Take, for instance, the provisions for a party of seven men for fifteen days, the weight aggregates 347 pounds, and is of formidable bulk; and when the necessary camping paraphernalia, tents, blankets, kettles and frying pans, are piled on the beach alongside the eatables, the sight is something appalling, and the crew is apt to think what an unnecessary quantity of provisions; but before the journey is over we hear nothing about there being too much grub. Long hours, hard work and the keen, bracing atmosphere gives the men appetites that fairly astonish even themselves.
If a party is to return on the outgoing trail, and after being off a few days finds it is using within the scale of provisions, it is very easy to cache a portion for the home journey with a certainty of finding it "after many days," that is, if properly secured. If in the depth of winter, and there is a likelihood of wolves or wolverines coming that way, a good and safe way is to cut a hole in the ice some distance from the shore on some big lake, cutting almost through to the water. In this trench put what is required to be left behind, filling up with the chopped ice, tramp this well down, then pour several kettles of water on top. This freezes at once, making it as difficult to gnaw or scratch into as would be the side of an ironclad. I have come on such a cache after an absence of three weeks to find the droppings of wolves and foxes about, but the contents untouched. One could not help smiling on seeing these signs, imagining the profound thinking the animals must have exerted in trying to figure out a plan to reach the toothsome stuff under that hard, glazed surface.
At other seasons of the year a good cache is made by cutting and peeling a long live tamarac pole. Place this balanced over a strong crutch, tie what is to be left secure to the small end, over which place a birch bark covering to keep off the rain (or failing the proper place or season for getting bark, a very good protection is made with a thatch of balsam boughs placed symmetrically as shingles) and tying all in place, tip up the small end, weighting down the butt with heavy logs or stones; and possess your mind in peace.
Two of the best auxiliaries to a short supply of provisions that a party can take on any trip in the wilds of Ontario or Quebec, are gill-net and snaring wire. As food producers, I place these before a gun. Most of the interior lakes contain fish of some sort, and a successful haul one night can be smoke dried to last several days without spoiling, even in hot weather. So long as they are done up in a secure manner in birch bark to keep out blue flies, the greatest danger of their going bad is prevented.
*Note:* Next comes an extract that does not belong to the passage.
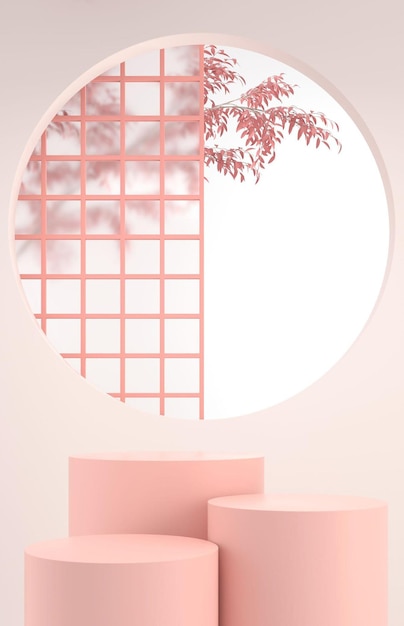 Een roze kamer met een rond raam en een rond raam met een roze kozijn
Another very good way to preserve and utilize fish, is to scorch a small portion of flour (about one-third the quantity) and mix with pounded up, smoke dried fish, previously cleaned of bones. This makes a light and sustaining pemmican, easily warmed up in a frying-pan, and if a little fat can be added in the warming process, one can work on it as well as on a meat diet.
Admitting that there are years of plenty and years of scarcity with rabbits, there must be a dearth indeed when one or two cannot be snared in some creek bottom near the night's camp. A gun on the other hand may be only an incumbrance on a long journey. A chance shot may well repay the person carrying it, but very frequently a gun is quite useless.
We crossed the country some years ago between St. Maurice and Lake St. John. It was at the very best time of the year to see game, being in the month of May, when every living thing is full of life and moving about. The trip took us seven days going; coming back by another route we gained one day. On the whole of that journey through bush, lakes and rivers we only fired two cartridges, whereas our small gill-net gave us splendid fish each camping place.
Another trip I remember, this time in the winter, accompanying the men who carried the winter despatches between Pic River and Michipecoten, a distance of 120 miles each way. I was prevailed upon to take a rifle, as the route went over a very high mountain where deer (caribou) were seen every year by the men. Well, I suppose they told the truth; but I carried that gun 240 miles without firing a shot. No, as a possible help to stave off starvation, commend me to a net and snare in preference to a gun.
In my younger days in the Hudson's Bay Company's service I put in many years in what we call the Moose Belt in Quebec — that is, from the St. Maurice River on the east to Lake Nipissing on the west from the Kepewa on the south to near the height of land on the north. All inside these boundaries was teeming with moose. They were killed in the most wanton manner by Algonquin Indians and the lumbermen, in many instances only the hide being taken, and the meat left. Our own Indians, who lived year in and year out in the country, never wasted a particle of meat. If they killed more than the family could consume during the winter months, before the warm days of April set in, it was carefully collected, cut in strips and smoke dried for summer use. While attending to the curing of the meat, the thrifty squaw dressed the hides. These were cut up and made into moccasins and traded at our store during their stay about the post in summer. An ordinary sized hide would cut up into about twenty-two pairs of shoes (without tops) and commanded $1.50 per pair, we selling them for the same price in cash to lumber concerns, making our profit on the goods bartered.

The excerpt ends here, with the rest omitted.